EXERCISE INSTRUCTIONS: Pictures stay out; print the rest of the listing below exactly as it stands.

GIVEN MATERIAL:
»»
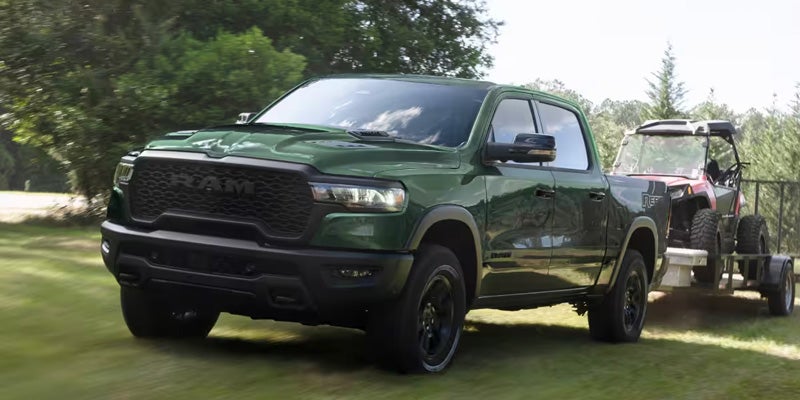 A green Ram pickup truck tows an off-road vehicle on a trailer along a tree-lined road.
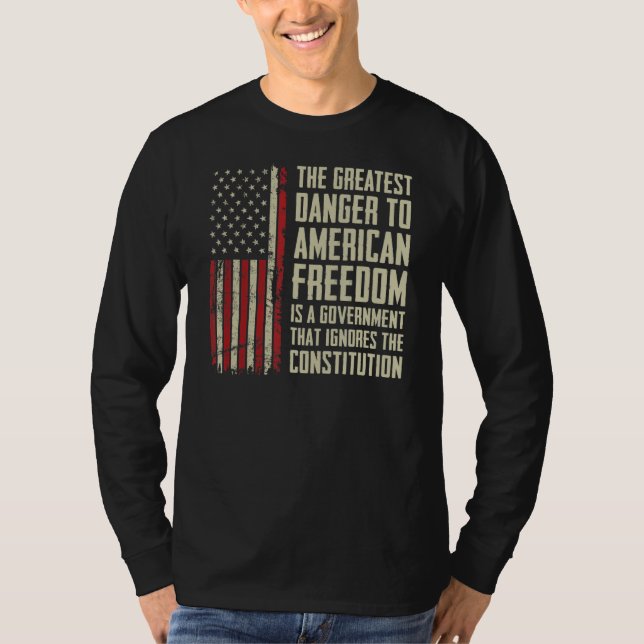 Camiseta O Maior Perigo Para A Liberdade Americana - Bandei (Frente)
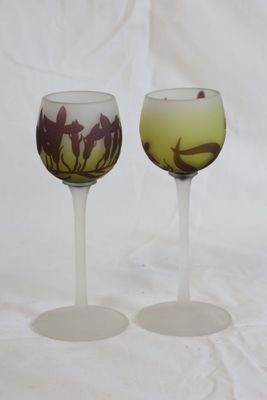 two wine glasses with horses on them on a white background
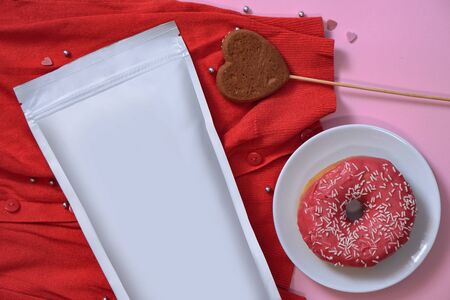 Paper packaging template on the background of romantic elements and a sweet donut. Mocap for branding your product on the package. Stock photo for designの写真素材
««
SOLUTION FOR THIS EXERCISE:
 A green Ram pickup truck tows an off-road vehicle on a trailer along a tree-lined road.
 Camiseta O Maior Perigo Para A Liberdade Americana - Bandei (Frente)
 two wine glasses with horses on them on a white background
 Paper packaging template on the background of romantic elements and a sweet donut. Mocap for branding your product on the package. Stock photo for designの写真素材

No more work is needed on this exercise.